_WORK ORDER_
The word "with" marks the lines to keep; find each one in the data and copy it.

_SUPPLIED RECORDS_
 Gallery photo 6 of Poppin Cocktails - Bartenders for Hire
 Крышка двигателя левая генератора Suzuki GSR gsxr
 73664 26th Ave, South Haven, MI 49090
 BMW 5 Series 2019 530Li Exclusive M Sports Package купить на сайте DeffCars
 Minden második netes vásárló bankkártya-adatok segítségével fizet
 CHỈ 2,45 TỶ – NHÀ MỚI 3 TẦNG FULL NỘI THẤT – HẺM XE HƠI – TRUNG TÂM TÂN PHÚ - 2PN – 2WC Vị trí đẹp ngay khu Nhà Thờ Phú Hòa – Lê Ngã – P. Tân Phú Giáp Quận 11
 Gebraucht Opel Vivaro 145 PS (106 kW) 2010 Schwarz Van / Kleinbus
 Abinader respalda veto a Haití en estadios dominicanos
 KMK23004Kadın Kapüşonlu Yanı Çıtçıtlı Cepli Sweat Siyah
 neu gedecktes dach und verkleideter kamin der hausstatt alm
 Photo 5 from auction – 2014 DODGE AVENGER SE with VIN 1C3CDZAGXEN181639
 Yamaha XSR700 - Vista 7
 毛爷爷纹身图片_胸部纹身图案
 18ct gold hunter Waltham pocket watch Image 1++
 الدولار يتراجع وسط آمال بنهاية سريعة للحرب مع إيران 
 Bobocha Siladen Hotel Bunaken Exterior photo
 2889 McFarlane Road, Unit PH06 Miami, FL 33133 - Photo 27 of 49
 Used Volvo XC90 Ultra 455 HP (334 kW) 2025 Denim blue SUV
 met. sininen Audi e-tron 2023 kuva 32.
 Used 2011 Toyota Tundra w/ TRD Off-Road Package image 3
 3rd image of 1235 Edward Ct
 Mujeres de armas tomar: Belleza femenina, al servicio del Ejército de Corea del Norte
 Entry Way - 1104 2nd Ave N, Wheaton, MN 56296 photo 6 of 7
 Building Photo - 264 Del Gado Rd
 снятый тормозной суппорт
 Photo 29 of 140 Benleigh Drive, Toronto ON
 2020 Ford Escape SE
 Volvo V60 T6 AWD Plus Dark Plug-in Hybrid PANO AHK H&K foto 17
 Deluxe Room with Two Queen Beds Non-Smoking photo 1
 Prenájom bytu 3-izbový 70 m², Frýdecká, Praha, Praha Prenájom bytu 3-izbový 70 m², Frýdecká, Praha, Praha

_SOLUTION TO THE EXERCISE_
 Photo 5 from auction – 2014 DODGE AVENGER SE with VIN 1C3CDZAGXEN181639
 Deluxe Room with Two Queen Beds Non-Smoking photo 1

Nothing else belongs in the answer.